Another cornerstone of strong mental health is exercise. Many studies have shown that exercise acts as a mild antidepressant, helping to alleviate stress, anxiety, and depression. A regular fitness regimen is also beneficial for people who are recovering from an addiction to drugs and alcohol. Drugs stimulate the release of neurotransmitters such as serotonin, dopamine and endorphins – the “feel-good” chemicals associated with joy, elation, and euphoria. The problem is that when you come down from them, you feel depleted and washed out.


Exercise supplements those same chemicals, only in natural doses. In effect, then, working out helps wean you off drugs at a time when your body’s still craving the rush of illicit substances. Some of the best exercises for mental health include meditation and yoga, which has been shown to alleviate stress, ease muscle pain and calm your nervous system.

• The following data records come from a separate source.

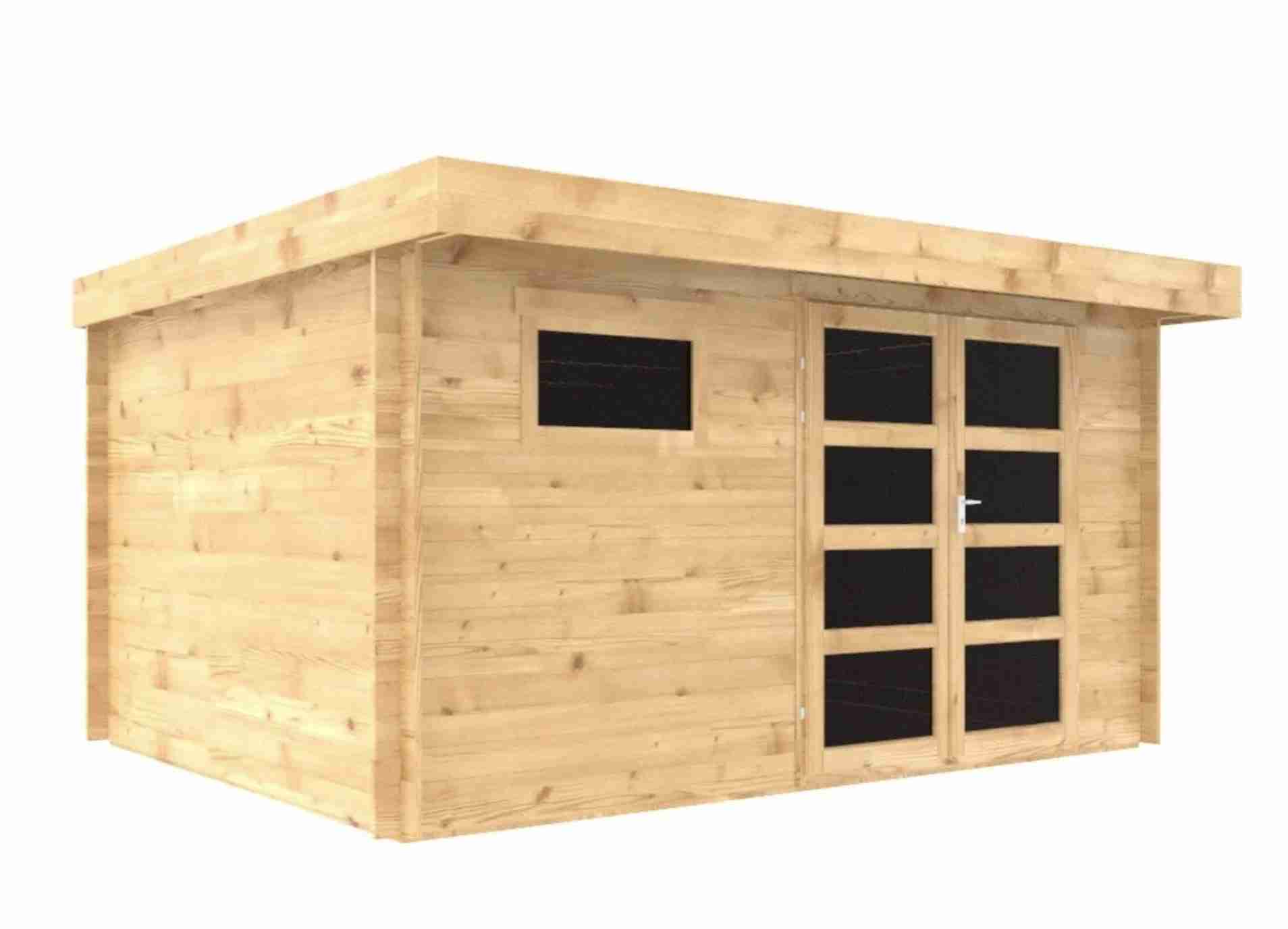 Abri de jardin bois Ep. 28mm, 13 m² – toit plat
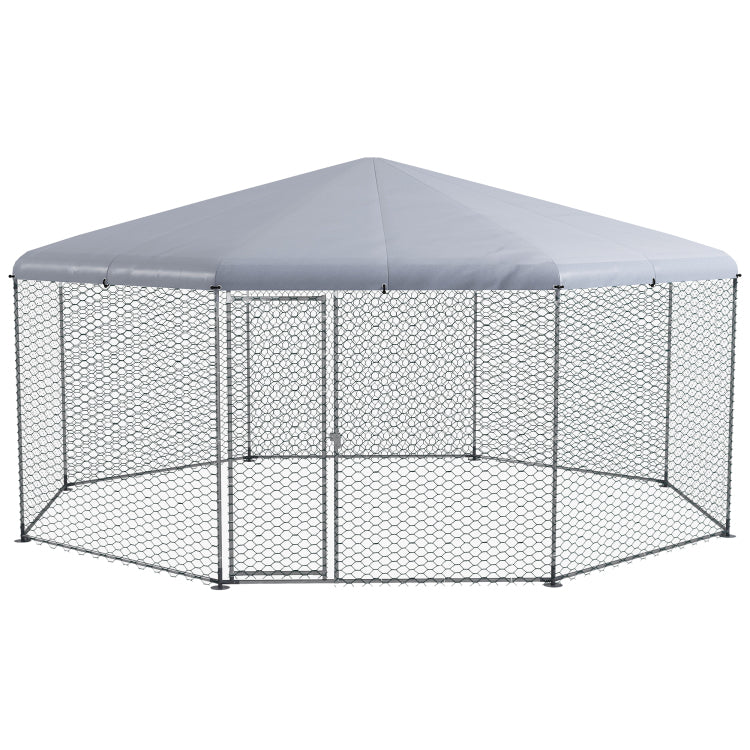 Pawhut Large Metal Chicken Coop Chicken Run For Chicken, Ducks And Rabbits With Waterproof And Anti Uv Cover, Walk In Poultry Cage Hen House For Outdoor And Yard Farm Use, 17' X 15.7' X 9'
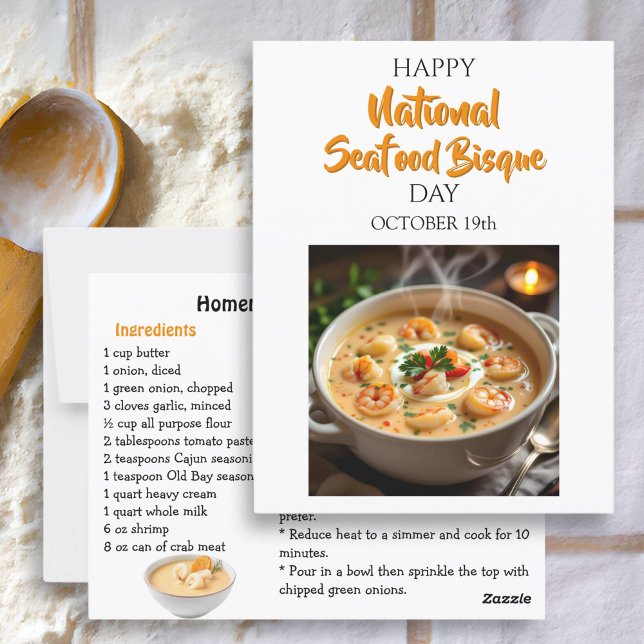 Happy National Seafood Bisque Day Recipe Card (Creator Uploaded)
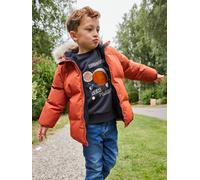 Warme Jungen Winterjacke mit Handschuhen bernstein Gr. 140 von Vertbaudet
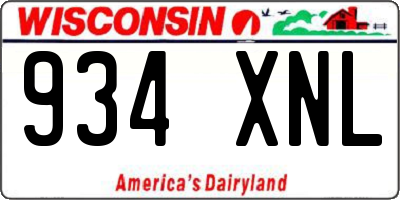 WI license plate 934XNL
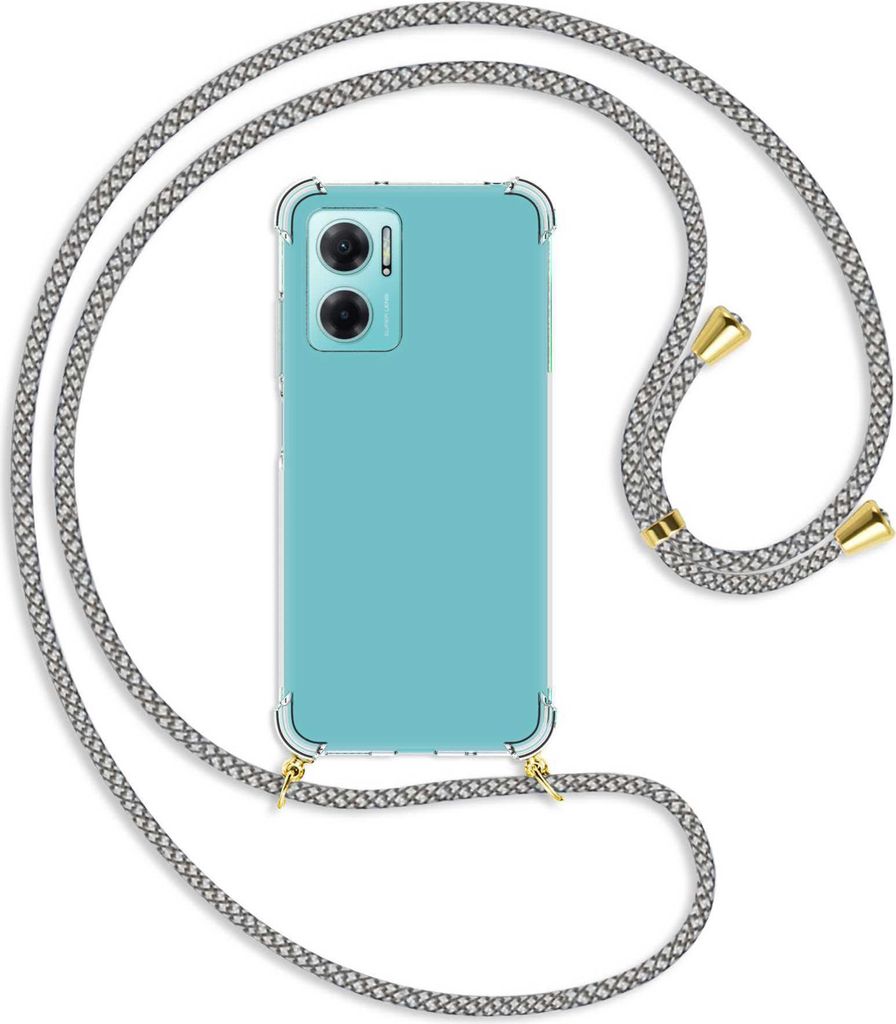 Handykette Backcover-Schutzhülle mit Band (Metall goldfarben) für Xiaomi Redmi 10 5G / Note 11E - weiß/grau kariert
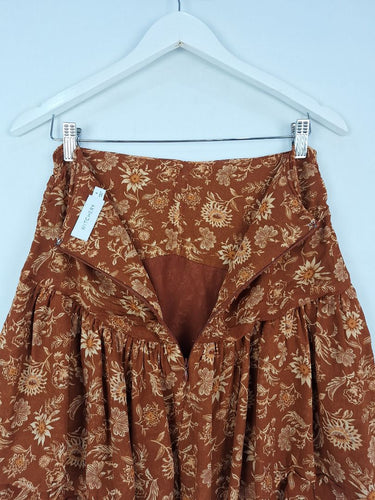 Second-Hand - Witchery Cinnamon Botanical Wide Yoke Mini Skirt Size 8 - SwapUp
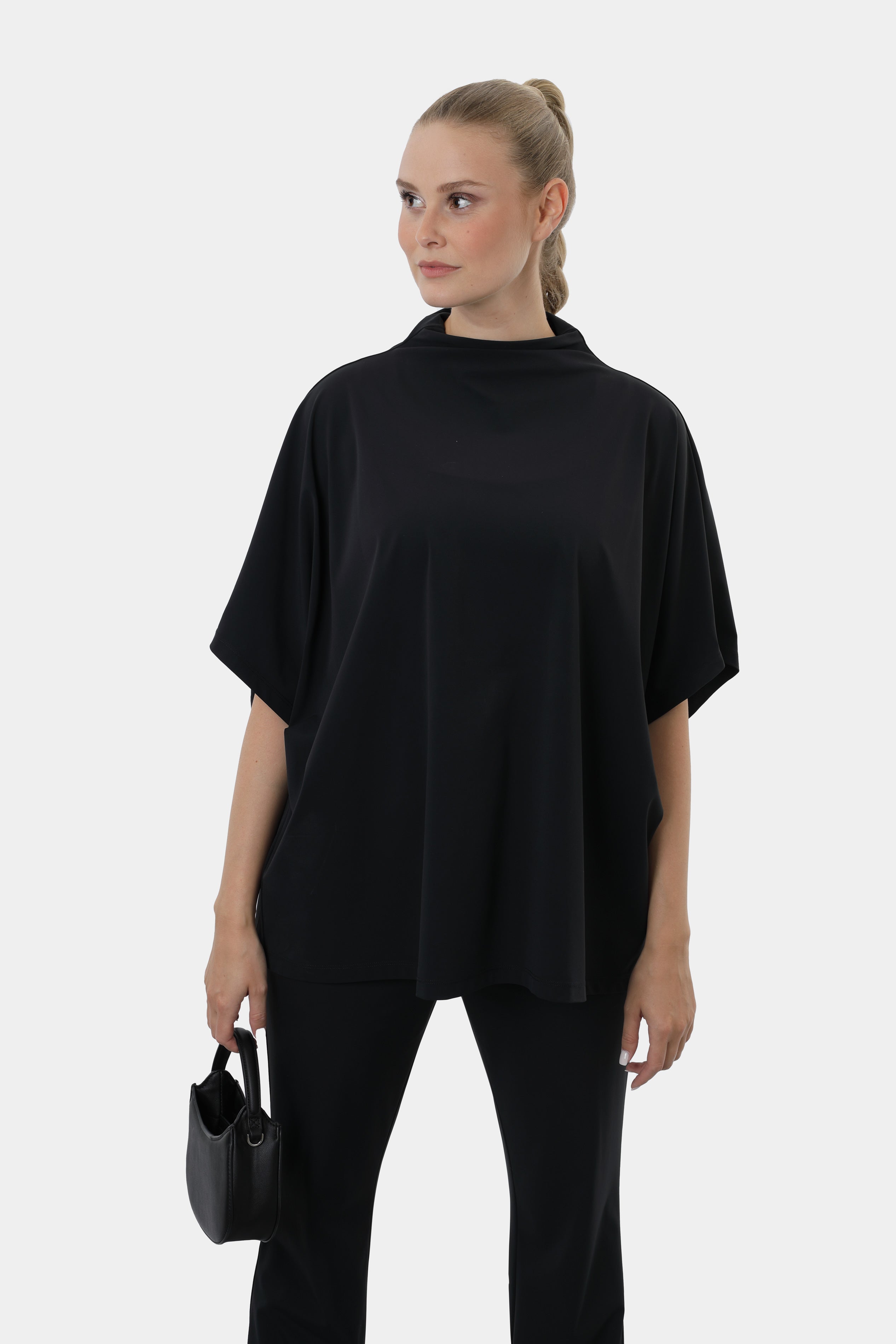 Elegante Poncho ZWART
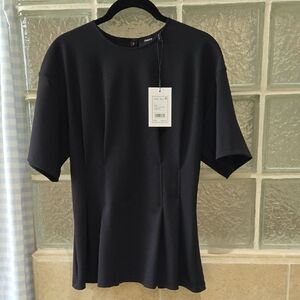 Theory Black Short Sleeve Corset Tee Precision Ponte Peplum Small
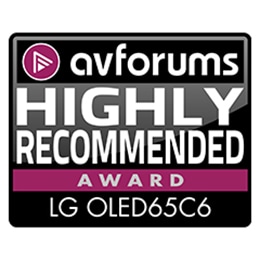 Insignia de Premio Altamente Recomendado de AVForums para el LG OLED evo AI C6.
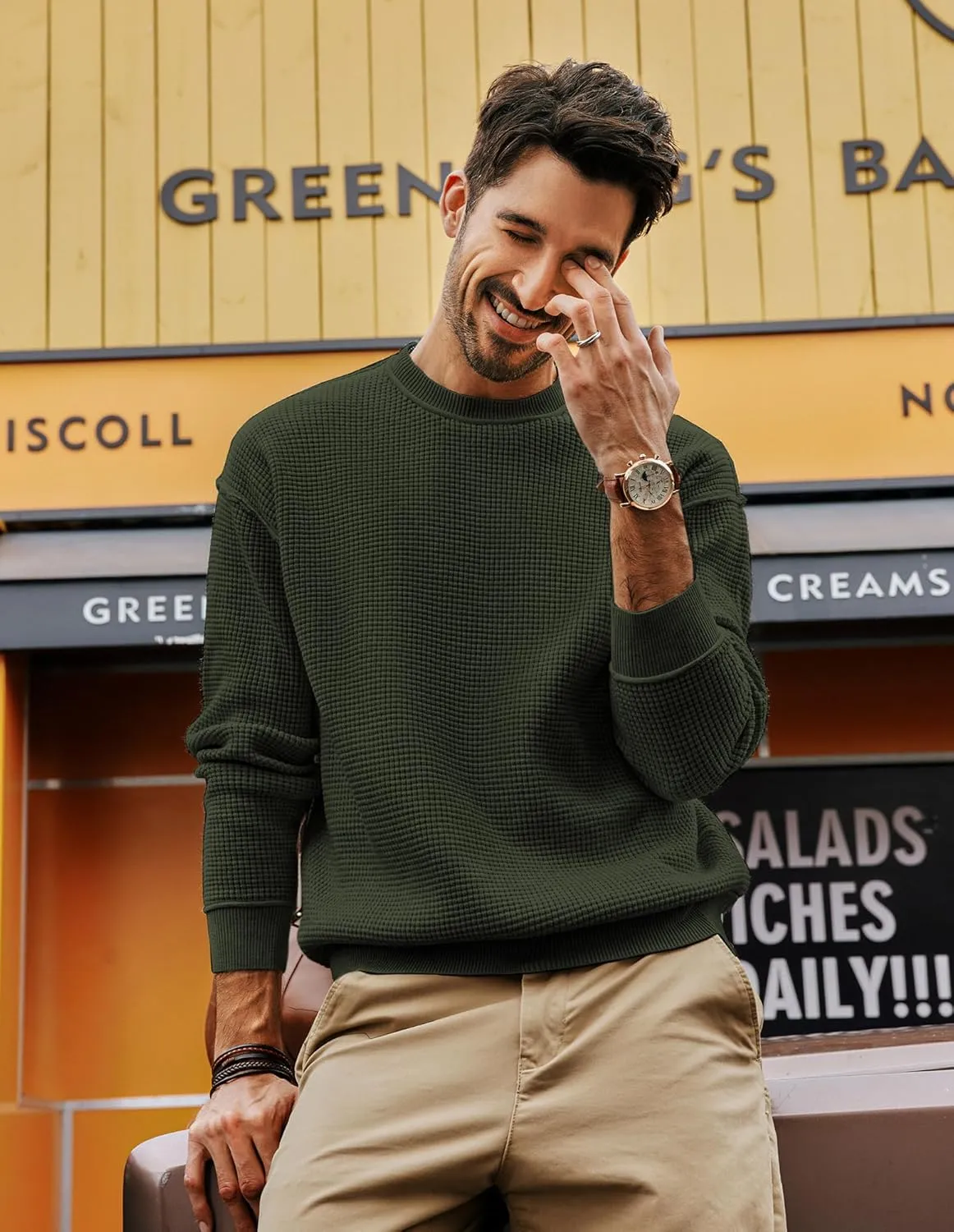PJ PAUL JONES Mens Sweater Crewneck Knit Sweaters Casual Waffle Pullover Sweater for Men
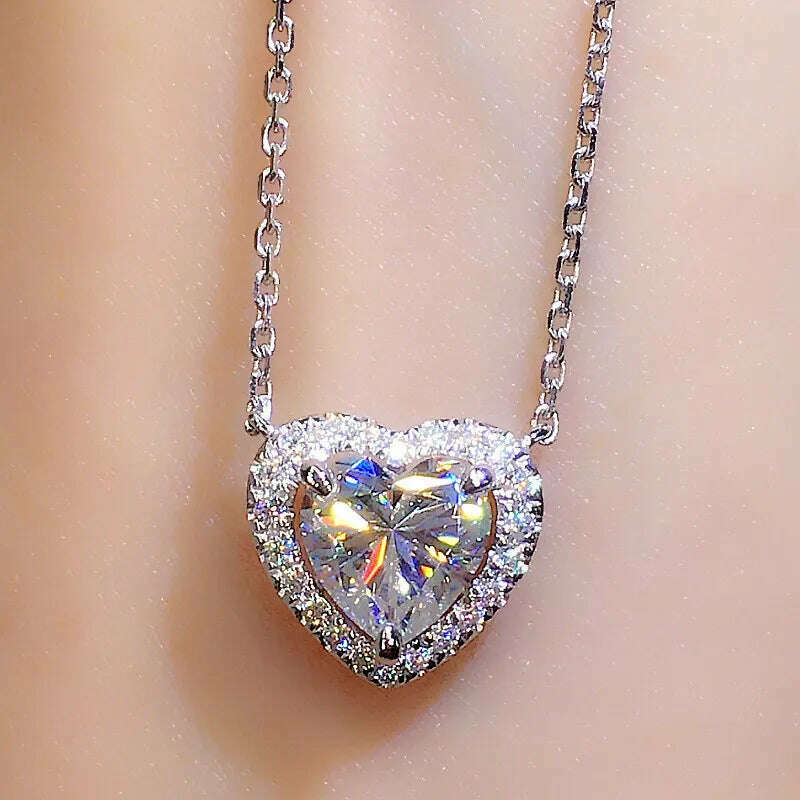 Huitan Wedding Trendy Love Necklace for Bride Brilliant Crystal Heart Cubic Zirconia Fashion Luxury Women Jewelry Wholesale Bulk - KIMLUD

Another idea is to take up a hobby like knitting, gardening, journaling your thoughts or drawing in adult coloring books – anything that helps you feel focused and centered.


Saying No

One basic but overlooked habit of cultivating mental wellness is simply to say no. Think about how often a lousy offer comes our way. We’re constantly being bombarded with robocalls, job offers to pay us under market price, or advertisements for things we don’t want. Turning down deals, offers and proposals is a time-management technique, allowing you to focus on what you truly want. When you have to say no, though, there’s no need to burn a bridge. Politely, but firmly, explain your decision, but consider also offering an alternative that suits you better. Sometimes, the answer’s just no, however, and when you need to refuse, do so without feeling bad. It’s really OK. The point is that you set boundaries that you’re comfortable with in order to cultivate what’s really important: Your mental health.